A REBELDIA E
POÉTICA DOS GOLIARDOS
O renascimento urbano do século XII viu
surgir à figura do intelectual, isto é, homem cujo ofício era ensinar e
escrever. Esses intelectuais tinham consciência de viverem no âmbito bem
diferente dos séculos passados e consideravam a si mesmo como modernos. Entre
esses homens pensantes, encontramos um grupo formado por estudantes pobres que
viviam em constantes viagens de uma cidade para outra, conhecidos como
Goliardos, a origem desse nome é um
pouco controversa. Possivelmente deriva do francês antigo goliart. Na origem, significava
"bufão", e
teria adquirindo, no século XIII, o sentido de glutão,
debochado. Poderia também derivar de gole,
goule (depois gueule, goela) ou do nome de Golias, o gigante bíblico, símbolo dos inimigos da
Igreja (que seria simbolizada por David), em razão dos poemas freqüentemente
anticlericais declamados pelos goliardos. O elemento goli- também poderia ser de origem
protogermânica, tendo, neste caso, o sentido de gritar, cantar em voz alta,
brincar, fazer rir. No latim medieval goliardus, teria afinal
assumido o sentido de "clérigo ou estudante vagabundo". Levados por
uma vida de mudanças e curiosidades não eram bem aceitos socialmente, a
comunidade urbana não via com bons olhos aquele grupo de rapazes pobres,
irreverentes, rebeldes e imorais, que faziam críticas ferozes a todas as
classes sociais, além de defenderem os prazeres da bebida, do amor e do jogo.

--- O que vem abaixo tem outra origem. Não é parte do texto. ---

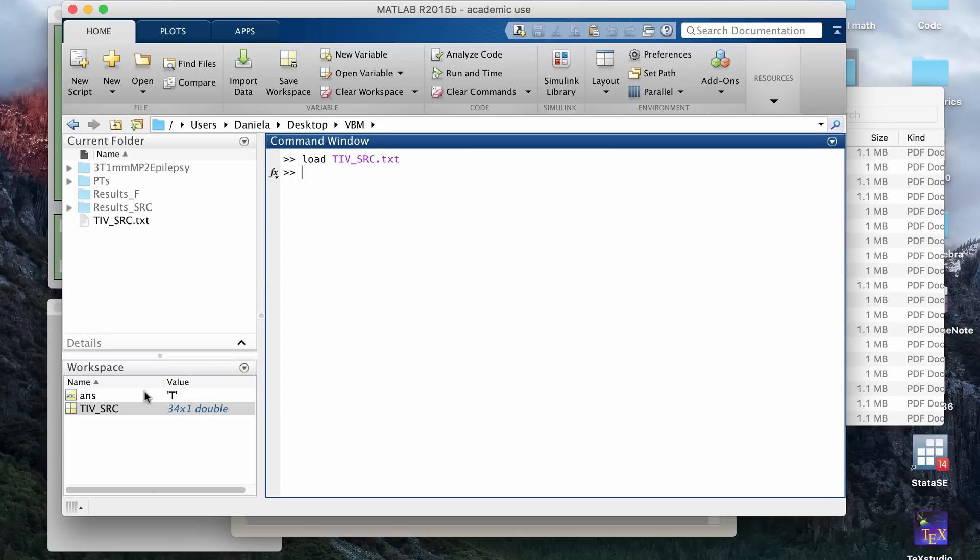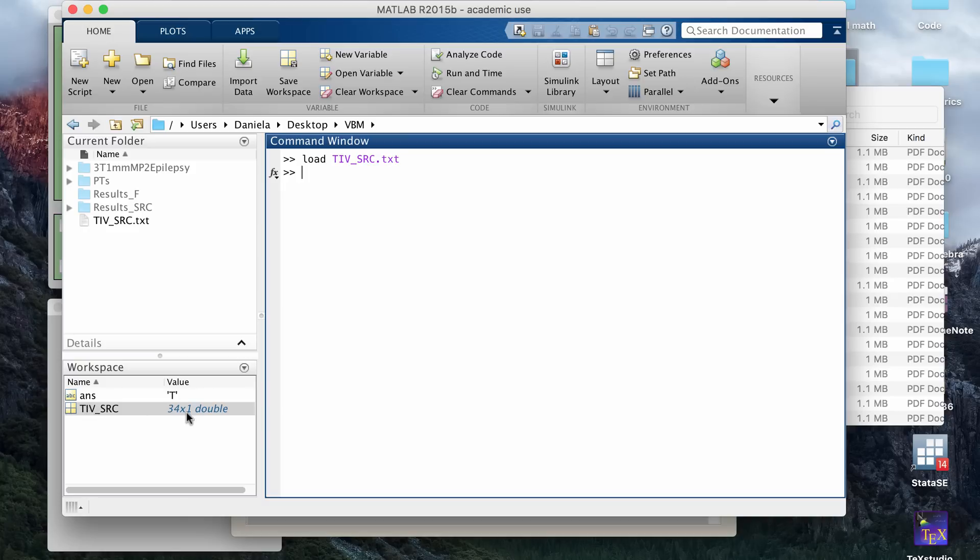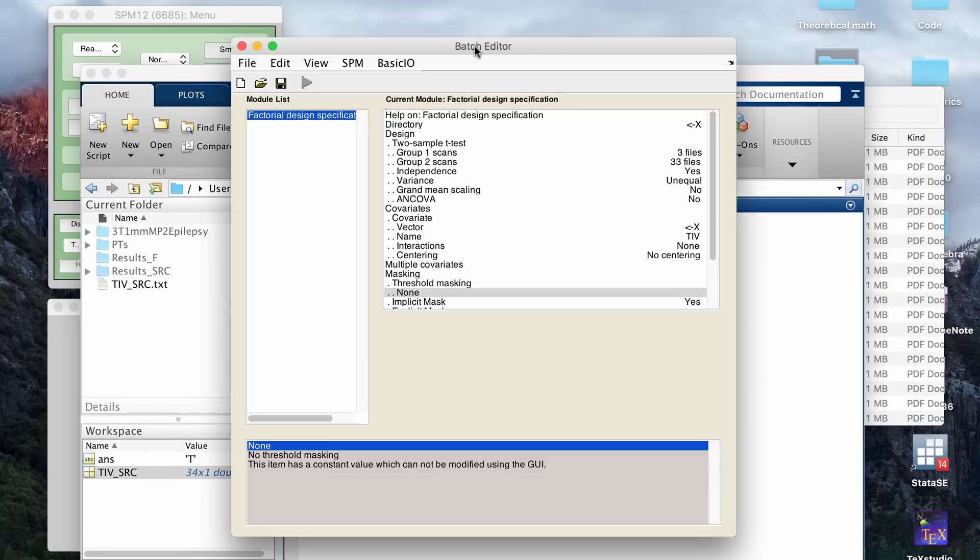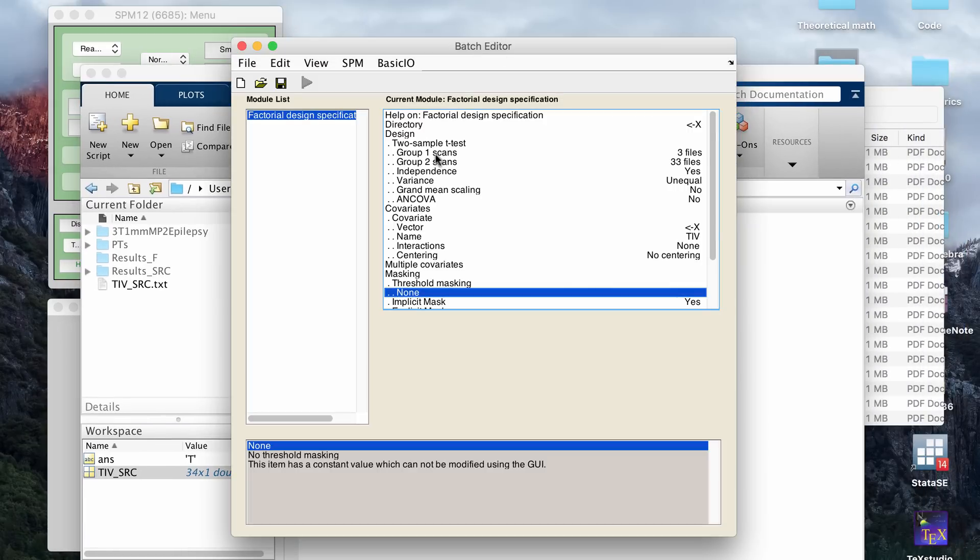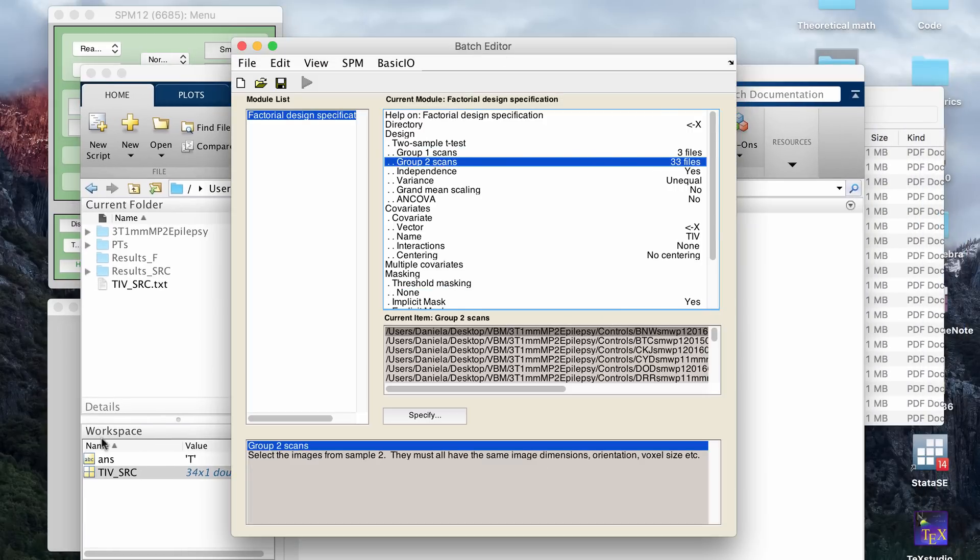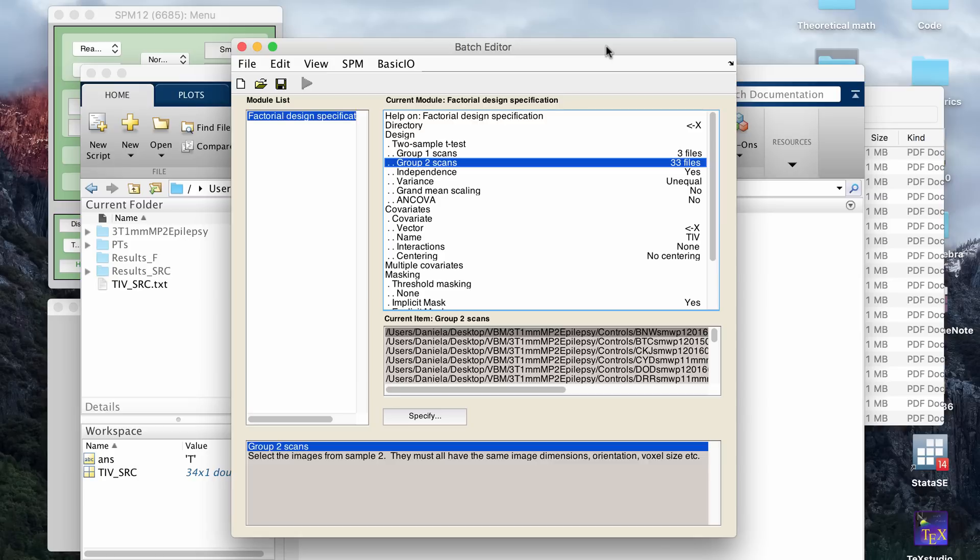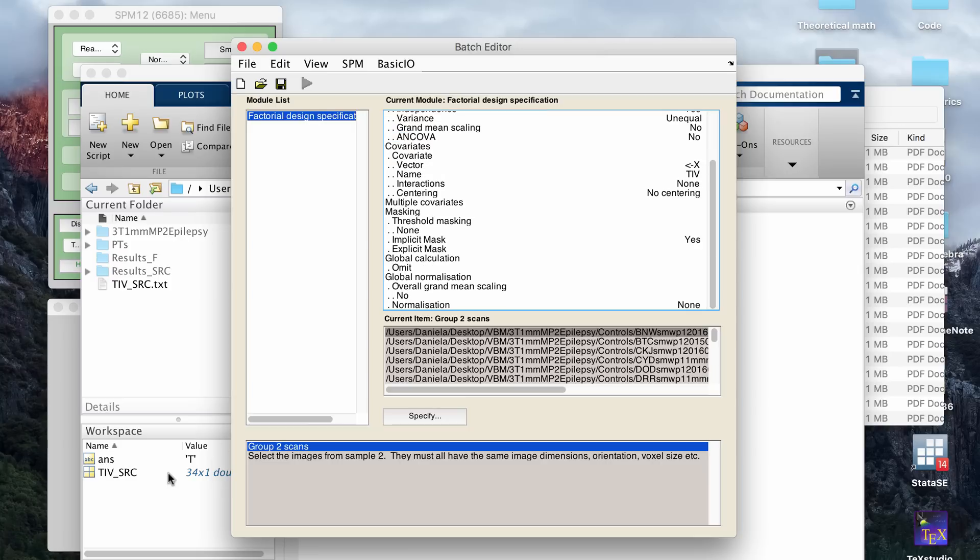And I've already done that, but once you click enter, if you go to the workspace window, it should show you that you have a vector and it will give you the dimensions of the vector. So mine is 34 by 1. And I always just like to double check that when I type in the number of files I have here, that this number equals the number that I have here. So for example, here I have a 36 and I have a 34 here. So that would mean that I'm missing two files from my covariate list. So you just want to make sure the numbers match up or else you're not going to have a correct covariance between the files and the total intracranial volume.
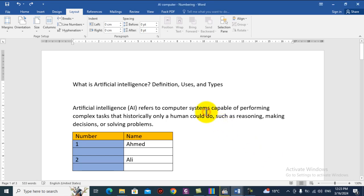Asalaamu Alaikum warahmatullahi, students. Welcome back to our video lessons in our favorite subject, ICT. This is Mr. Obak Hassan, and on today's lesson I'm going to show you how to add a header to your document.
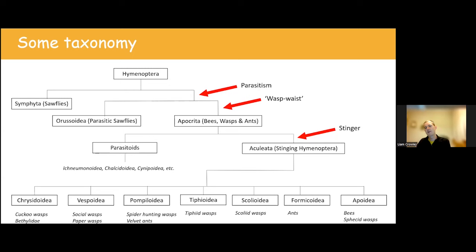We have one species of Embolemidae, Embolemus ruddii. The female is completely apterous and it parasitises tree root-feeding bugs, almost certainly subterranean, so it doesn't come up much. But it's really distinctive because it has a triangular head — the antennae come off the front, the mouth is down the bottom, and there's a little beady eye in the middle. It's quite distinctive when you see that little face looking up at you.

Grande parte da obra poética e musical dos
goliardos é anônima, devido as complicações que poderiam ter caso fossem
conhecidos. Em uma época em que o pensamento Teocêntrico predominava e a
hierarquia religiosa ditava as regras, esses jovens anárquicos e de espírito
livre, usavam suas composições como um protesto e uma maneira de se opor ao
sistema vigente. Estas composições foram reunidas nos Carmina Burana, nos quais à exaltação dos
prazeres carnais se associa a crítica à Igreja medieval, que condena os
costumes libertinos. O Carmina
Burana,é um códice contendo mais
de 200 canções profanas compostas por esses artistas, que esmolavam para ganhar
a vida. A cantiga abaixo é um resumo ideológico das aspirações de quase todos
eles:
“Se o sábio/ tem costume de construir sua morada
Sobre a rocha / então sou um louco,
Pois sou como a corrente que avança / e cujo
curso
Jamais se detém./
Sigo adiante/ como um barco sem piloto/
Como um pássaro vagando/ pelos ares
Nada me detém/ nem chaves nem grilhões /
Procurando meus semelhantes/ junto aos miseráveis
Meu caminho é longo/ como minha juventude/
Largar-me-ei aos vícios / esquecidos da virtude/
Desejando mais os prazeres/ que a salvação /
Minha alma está morta / só me importa a carne...”
Nota-se além da forte expressão filosófica, a
preocupação semântica contida nesses versos, como o sentimento de liberdade e
rebeldia reforçando a expressividade do Eu - lírico em afirmar que nem mesmo
“os grilhões” os podem prender. Outro fator a ser observado se refere à alusão
ao tema puramente engajado, enquanto os trovadores de sua época pouco se
preocupavam com a questão social, eles iam à direção contrária, pois,
reafirmavam de forma crítica, o que a sociedade da época não estava habituada a
questionar. São freqüentemente associados ao partido gibelino (facção política do século XII
partidários do Sacro
Império Romano-Germânico), mas na realidade os Goliardos vão além: vêm no Papa não apenas o
hipócrita tutor da tradição moral, mas também o expoente de uma hierarquia
organizada sob a tentadora força do dinheiro. Polêmicos, inteligentes e
satíricos essa tríade pode caracterizar tanto os autores quanto suas obras, os
Goliardos sofreram as mais diversas perseguições e condenações, e acabaram por
desaparecer das culturas dos séculos seguintes, porém, deixaram seu legado: suas idéias, que reviveriam nos intelectuais do Humanismo, durante o Renascimento.